I was playing the ranger. We started seeing stone statues that looked, uh, surprisingly realistic. This made me nervous, since no way in how can five 2nd-level characters deal with anything that can turn stuff to stone. My ranger tried to get the other PCs out of the region...no luck. So, sure enough, here comes the basilisk. I get to roll the first saving throw...which comes up a 1. So now I have a stone ranger. The party has nowhere near enough cash to spring for a stone-to-flesh spell, and since it's my character's first adventure with the group, no IC reason to shell out cash they don't have. I'm sufficienly fed up with the GM at this point that I get up and say, "Well, that's it for me" and headed out.

J & W found me later and tells me that they'd left the game, too.
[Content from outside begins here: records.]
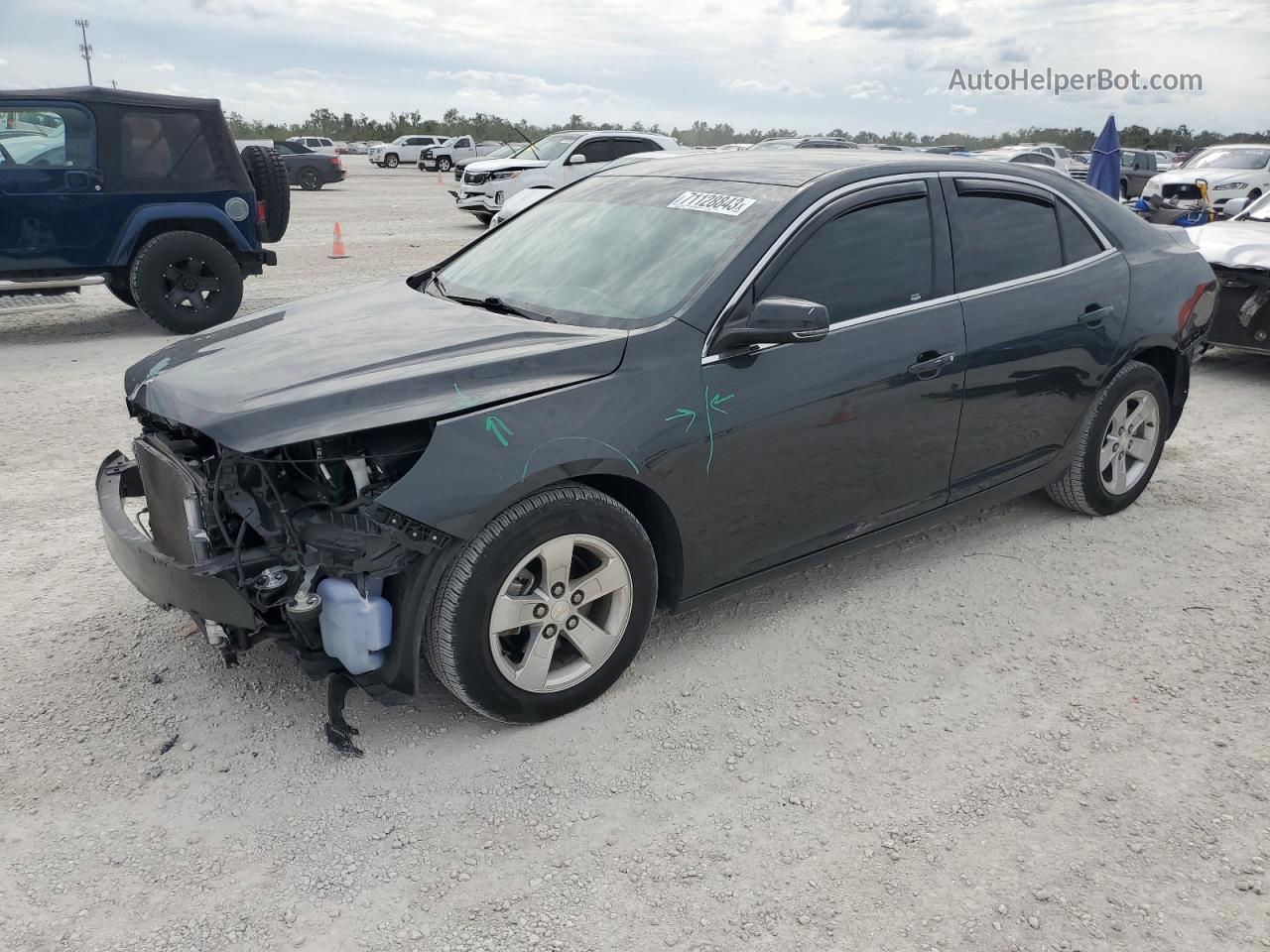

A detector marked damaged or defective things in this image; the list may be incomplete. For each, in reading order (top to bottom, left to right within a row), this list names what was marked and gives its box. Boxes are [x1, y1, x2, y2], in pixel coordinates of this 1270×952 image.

crumpled hood [1191, 221, 1270, 270]
crumpled hood [121, 276, 627, 454]
damaged black sedan [96, 155, 1206, 738] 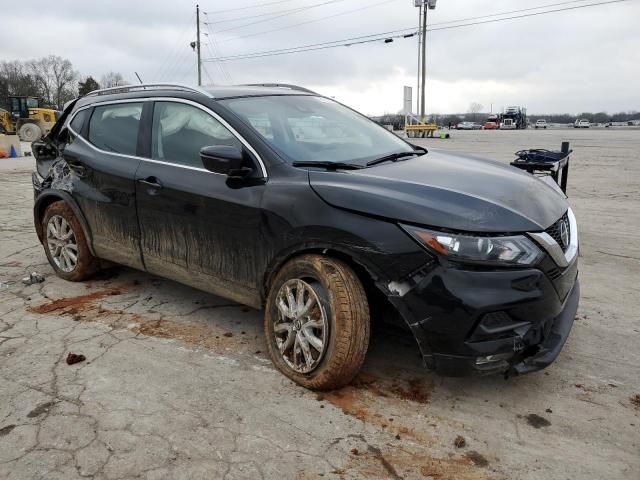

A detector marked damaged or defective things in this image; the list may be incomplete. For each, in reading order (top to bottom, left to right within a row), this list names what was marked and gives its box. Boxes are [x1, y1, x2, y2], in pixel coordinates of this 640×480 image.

damaged front bumper [384, 256, 580, 376]
cracked bumper cover [384, 256, 580, 376]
Evidently, W was also getting annoyed at R, and J didn't know anyone else in the group and wanted to avoid T, who'd been unsubtly hitting on her in-game after I left!
 

FreeTheSlaves

Adventurer
The_Universe said:
Three months after the events described above, three players involved in the fiasco (who had developed a mini-faction in the group) quit in the middle of a session, after one of them informed me that the session we were in was a "test."

Ugh - it was bad.
Please do elaborate, this "test" has an entertaining sound, albeit not at the time I'm sure.
 

The_Universe

First Post
FreeTheSlaves said:
Please do elaborate, this "test" has an entertaining sound, albeit not at the time I'm sure.
There really isn't a lot to tell, as I didn't press for details as to the conditions of the test after I was informed that the group and game had not past it.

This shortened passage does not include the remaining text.